EXTRACTED INFORMATION:
^^^^^^^^
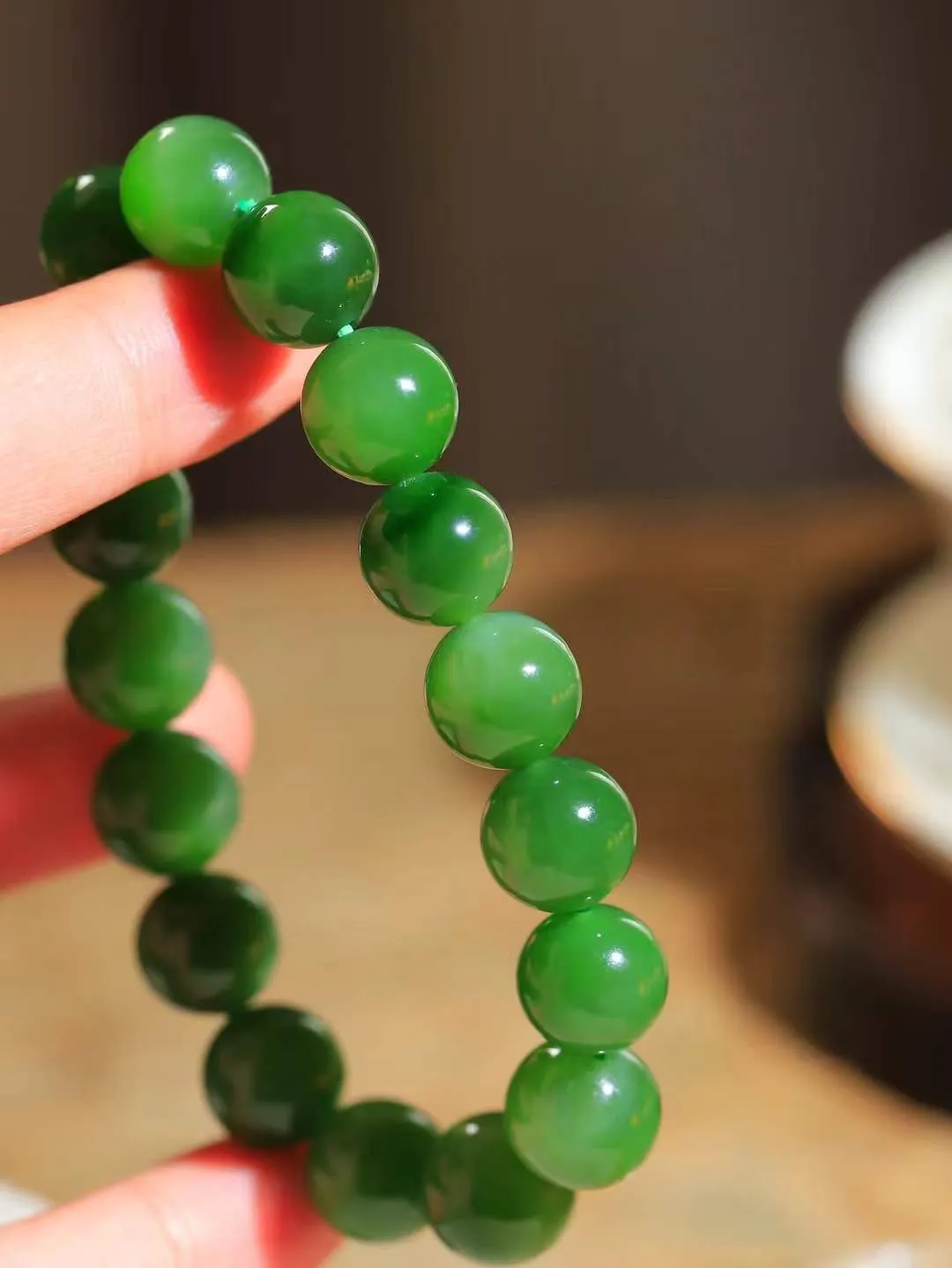 【珠圆玉润.手串】

精品和田玉碧玉微猫眼珠圆玉润手串 玉质温润细腻  整串打磨圆润，佩戴舒适。珠珠落玉盘，间关莺语花底滑，一生美好时光，无论身在何处，都有它相伴相守。事事顺遂，幸福美满，吉祥如意。重47.2克   尺寸取一11.4mm   FDL-691152700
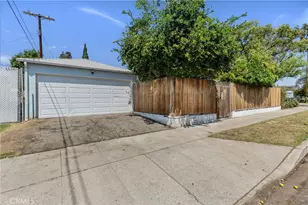 8101 Lemona, Los Angeles, CA 91402 - Photo 27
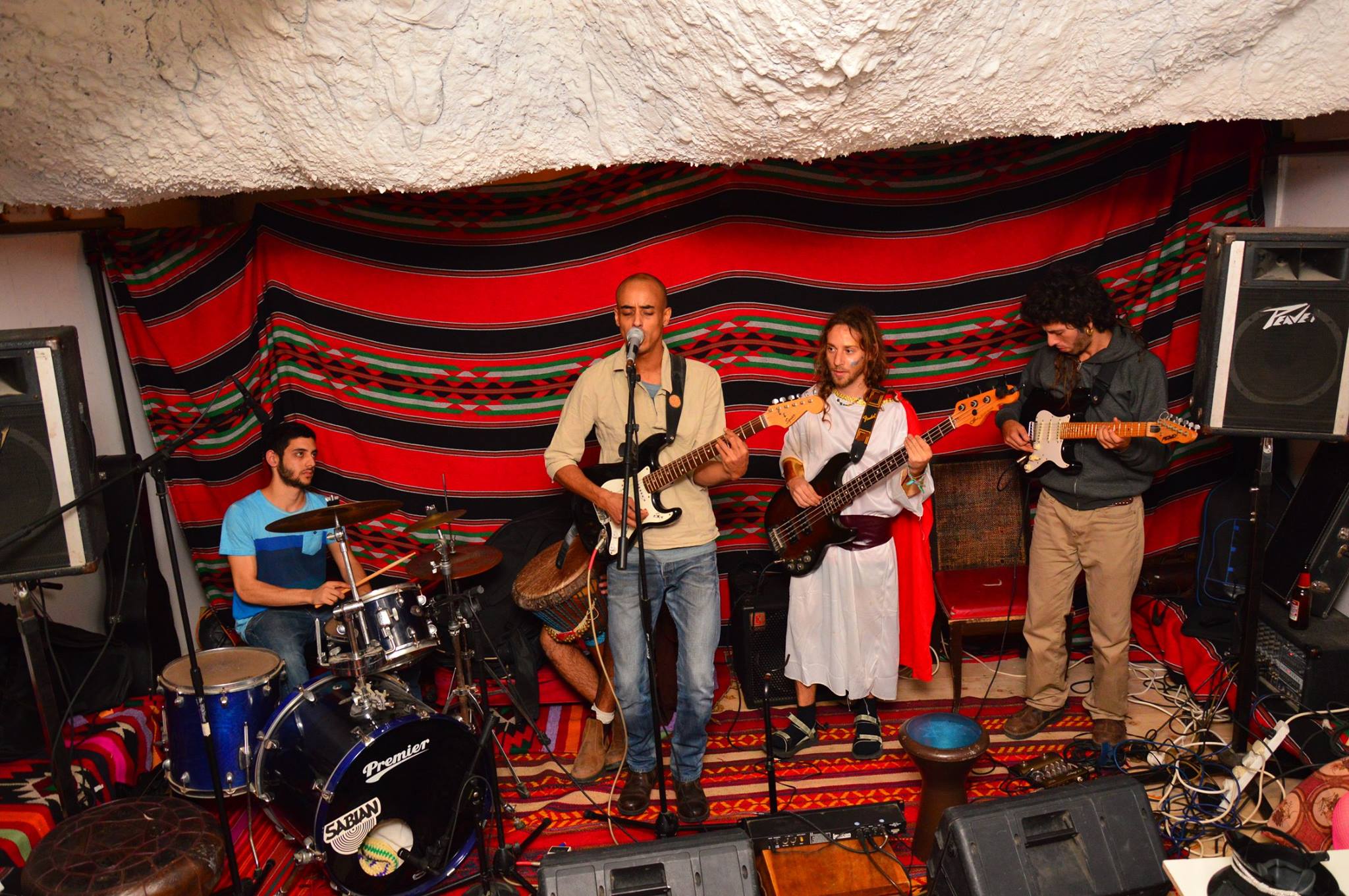 יואב מנגן בס עם Lions of Zion.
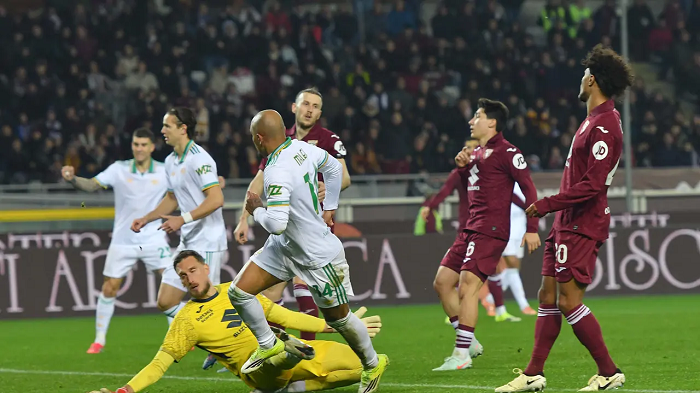 Roma ngjitet me Malen dhe Dybala, kalon Juven në garën për një vend në Champions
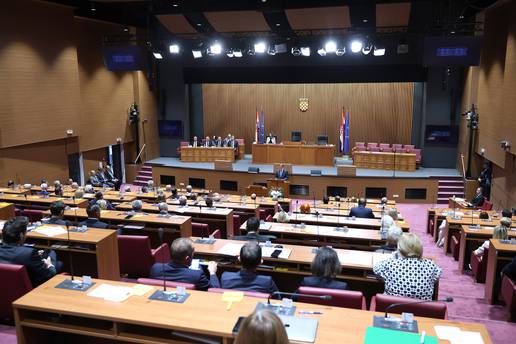 VIDEO Plenković oporbi: Gdje nas svrstavate? U zapećak neki, s Orbanom? Orban je diler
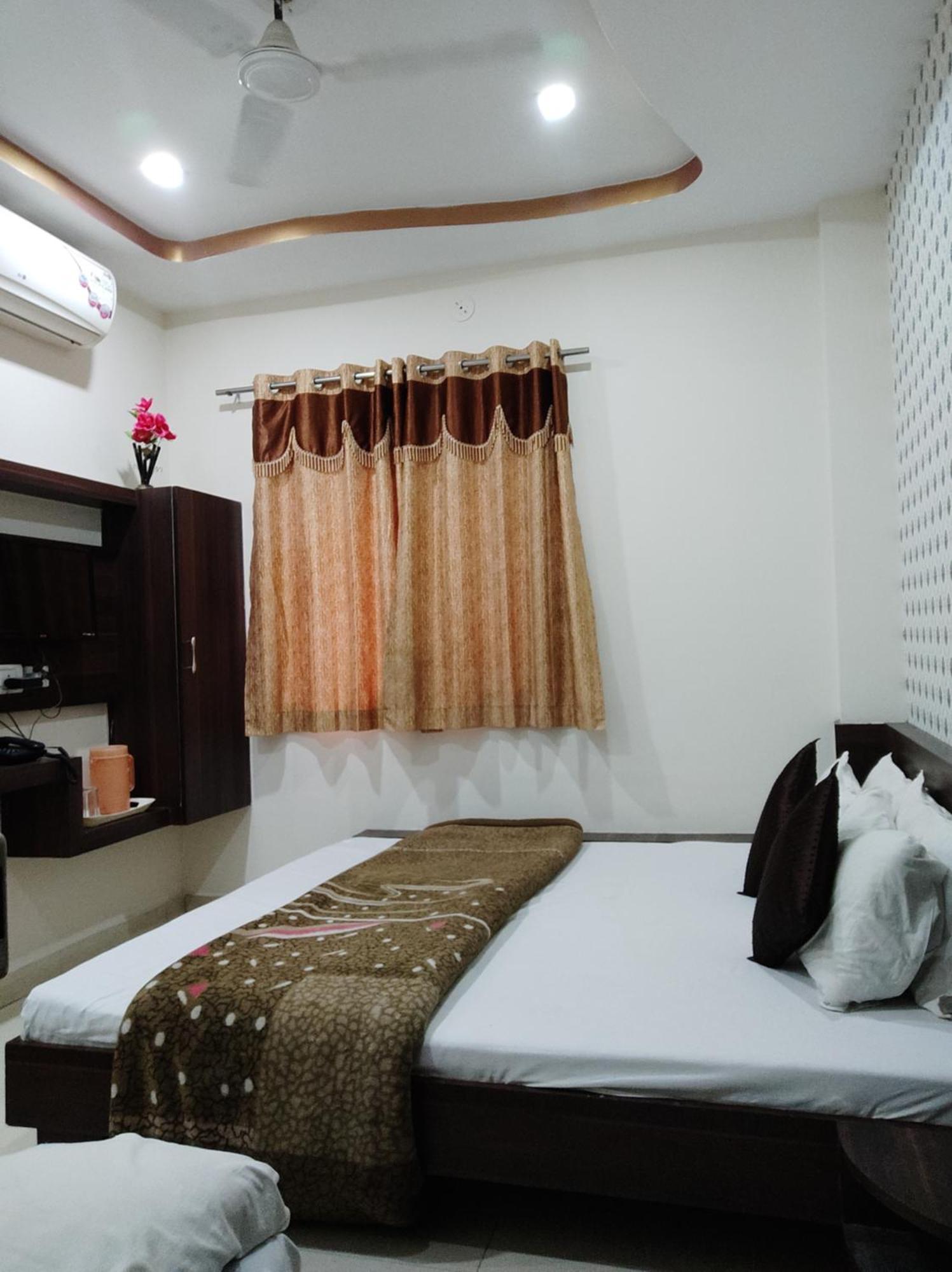 Hotel Vrandavan Palace Near Mahakal Temple Ujjain Bagian luar foto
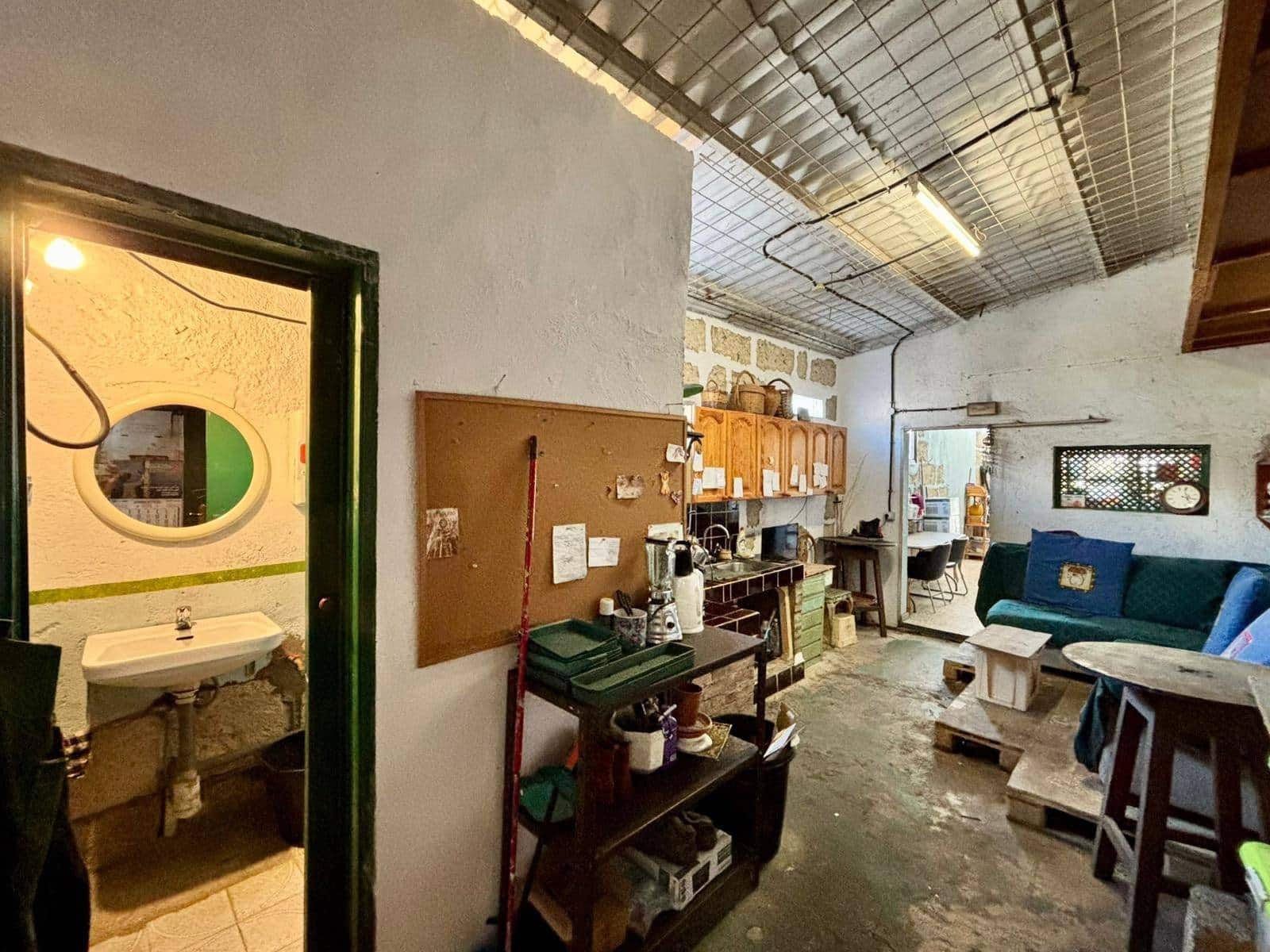 Commerciale da affittare in Guimar - 400 € (Rif: 9301051)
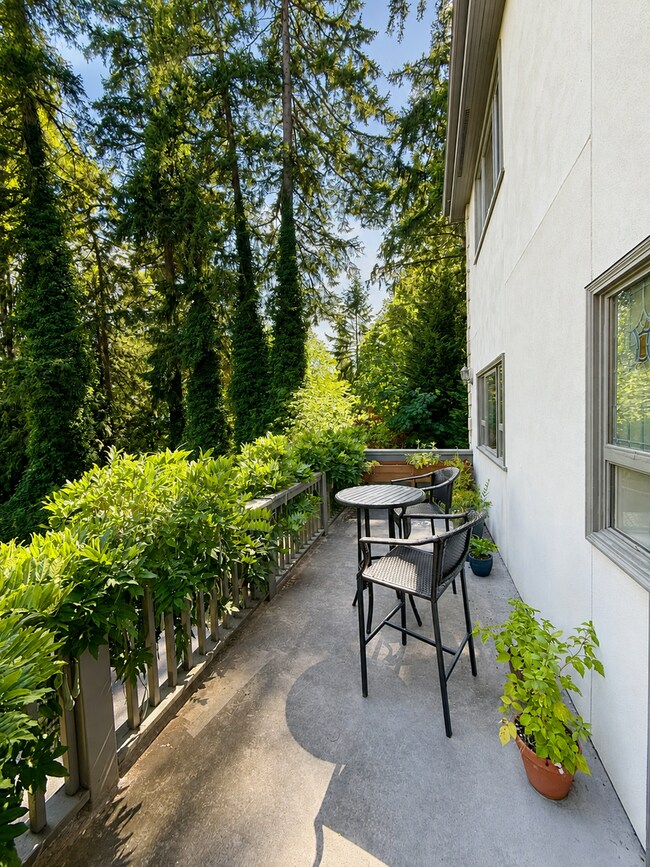 Building Photo - Elegant French Country Home with Lake Washington & Mount Rainier Views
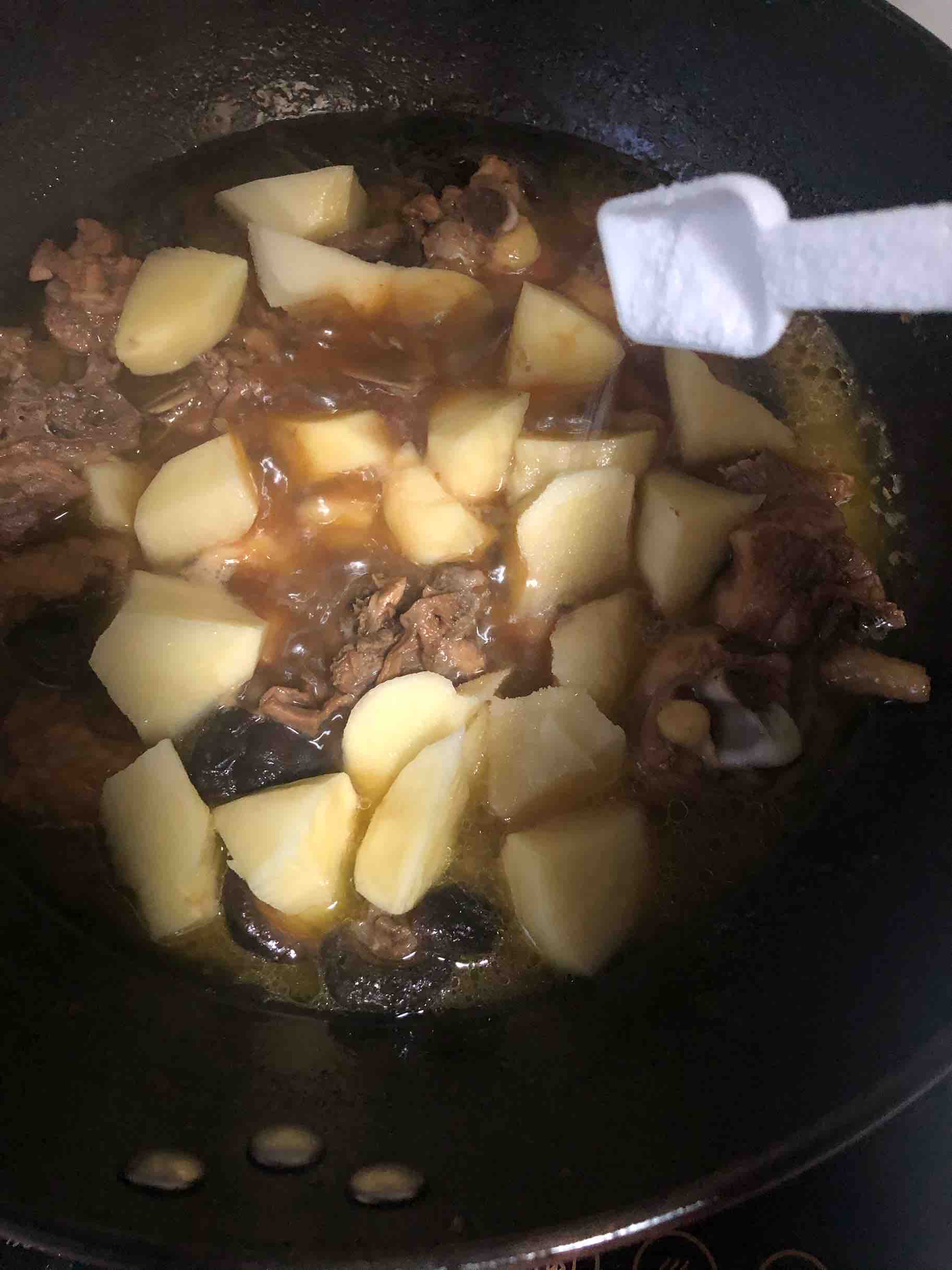 黃燜雞的做法-咸鮮味燒菜譜-易網健康養生網 黃燜雞的做法-咸鮮味燒菜譜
^^^^^^^^
YOUR OBJECTIVE:
With the pictures set aside, write out the whole listing exactly.

TASK RESPONSE:
 【珠圆玉润.手串】

精品和田玉碧玉微猫眼珠圆玉润手串 玉质温润细腻  整串打磨圆润，佩戴舒适。珠珠落玉盘，间关莺语花底滑，一生美好时光，无论身在何处，都有它相伴相守。事事顺遂，幸福美满，吉祥如意。重47.2克   尺寸取一11.4mm   FDL-691152700
 8101 Lemona, Los Angeles, CA 91402 - Photo 27
 יואב מנגן בס עם Lions of Zion.
 Roma ngjitet me Malen dhe Dybala, kalon Juven në garën për një vend në Champions
 VIDEO Plenković oporbi: Gdje nas svrstavate? U zapećak neki, s Orbanom? Orban je diler
 Hotel Vrandavan Palace Near Mahakal Temple Ujjain Bagian luar foto
 Commerciale da affittare in Guimar - 400 € (Rif: 9301051)
 Building Photo - Elegant French Country Home with Lake Washington & Mount Rainier Views
 黃燜雞的做法-咸鮮味燒菜譜-易網健康養生網 黃燜雞的做法-咸鮮味燒菜譜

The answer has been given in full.